(Given records)

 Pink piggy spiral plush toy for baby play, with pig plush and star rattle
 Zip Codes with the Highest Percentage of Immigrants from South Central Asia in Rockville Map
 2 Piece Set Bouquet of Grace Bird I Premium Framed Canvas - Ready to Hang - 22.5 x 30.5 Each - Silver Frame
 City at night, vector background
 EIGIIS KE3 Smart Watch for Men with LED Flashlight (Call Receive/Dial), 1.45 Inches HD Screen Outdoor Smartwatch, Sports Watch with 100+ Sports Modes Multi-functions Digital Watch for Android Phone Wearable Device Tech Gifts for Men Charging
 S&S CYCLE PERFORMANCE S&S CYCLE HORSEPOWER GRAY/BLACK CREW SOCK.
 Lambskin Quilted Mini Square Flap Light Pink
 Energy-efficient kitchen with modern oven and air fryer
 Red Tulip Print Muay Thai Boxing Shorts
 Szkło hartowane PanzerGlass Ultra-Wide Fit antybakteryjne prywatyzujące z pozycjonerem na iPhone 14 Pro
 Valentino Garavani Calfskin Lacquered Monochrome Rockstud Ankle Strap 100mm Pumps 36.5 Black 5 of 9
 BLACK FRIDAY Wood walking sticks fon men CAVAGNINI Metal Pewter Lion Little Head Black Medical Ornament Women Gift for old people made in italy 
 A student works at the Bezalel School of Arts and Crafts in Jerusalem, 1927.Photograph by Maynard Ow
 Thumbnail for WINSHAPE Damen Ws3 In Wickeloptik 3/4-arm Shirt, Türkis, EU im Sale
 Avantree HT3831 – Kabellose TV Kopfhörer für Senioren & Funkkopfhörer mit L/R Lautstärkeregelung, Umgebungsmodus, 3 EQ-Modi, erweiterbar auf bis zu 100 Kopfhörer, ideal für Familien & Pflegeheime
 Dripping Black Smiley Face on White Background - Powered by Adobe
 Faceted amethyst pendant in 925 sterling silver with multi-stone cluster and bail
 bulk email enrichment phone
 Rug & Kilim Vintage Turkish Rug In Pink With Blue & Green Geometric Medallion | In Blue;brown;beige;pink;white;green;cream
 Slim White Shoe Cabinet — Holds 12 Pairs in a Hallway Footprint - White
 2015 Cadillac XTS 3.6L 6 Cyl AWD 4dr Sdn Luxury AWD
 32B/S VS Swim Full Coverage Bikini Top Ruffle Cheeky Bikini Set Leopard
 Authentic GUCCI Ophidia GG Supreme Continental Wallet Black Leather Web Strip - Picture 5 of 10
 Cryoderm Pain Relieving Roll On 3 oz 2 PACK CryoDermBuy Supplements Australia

(End Given records)

__Task prompt__:
Give back the complete data, each line unchanged.

__Written response__:
 Pink piggy spiral plush toy for baby play, with pig plush and star rattle
 Zip Codes with the Highest Percentage of Immigrants from South Central Asia in Rockville Map
 2 Piece Set Bouquet of Grace Bird I Premium Framed Canvas - Ready to Hang - 22.5 x 30.5 Each - Silver Frame
 City at night, vector background
 EIGIIS KE3 Smart Watch for Men with LED Flashlight (Call Receive/Dial), 1.45 Inches HD Screen Outdoor Smartwatch, Sports Watch with 100+ Sports Modes Multi-functions Digital Watch for Android Phone Wearable Device Tech Gifts for Men Charging
 S&S CYCLE PERFORMANCE S&S CYCLE HORSEPOWER GRAY/BLACK CREW SOCK.
 Lambskin Quilted Mini Square Flap Light Pink
 Energy-efficient kitchen with modern oven and air fryer
 Red Tulip Print Muay Thai Boxing Shorts
 Szkło hartowane PanzerGlass Ultra-Wide Fit antybakteryjne prywatyzujące z pozycjonerem na iPhone 14 Pro
 Valentino Garavani Calfskin Lacquered Monochrome Rockstud Ankle Strap 100mm Pumps 36.5 Black 5 of 9
 BLACK FRIDAY Wood walking sticks fon men CAVAGNINI Metal Pewter Lion Little Head Black Medical Ornament Women Gift for old people made in italy 
 A student works at the Bezalel School of Arts and Crafts in Jerusalem, 1927.Photograph by Maynard Ow
 Thumbnail for WINSHAPE Damen Ws3 In Wickeloptik 3/4-arm Shirt, Türkis, EU im Sale
 Avantree HT3831 – Kabellose TV Kopfhörer für Senioren & Funkkopfhörer mit L/R Lautstärkeregelung, Umgebungsmodus, 3 EQ-Modi, erweiterbar auf bis zu 100 Kopfhörer, ideal für Familien & Pflegeheime
 Dripping Black Smiley Face on White Background - Powered by Adobe
 Faceted amethyst pendant in 925 sterling silver with multi-stone cluster and bail
 bulk email enrichment phone
 Rug & Kilim Vintage Turkish Rug In Pink With Blue & Green Geometric Medallion | In Blue;brown;beige;pink;white;green;cream
 Slim White Shoe Cabinet — Holds 12 Pairs in a Hallway Footprint - White
 2015 Cadillac XTS 3.6L 6 Cyl AWD 4dr Sdn Luxury AWD
 32B/S VS Swim Full Coverage Bikini Top Ruffle Cheeky Bikini Set Leopard
 Authentic GUCCI Ophidia GG Supreme Continental Wallet Black Leather Web Strip - Picture 5 of 10
 Cryoderm Pain Relieving Roll On 3 oz 2 PACK CryoDermBuy Supplements Australia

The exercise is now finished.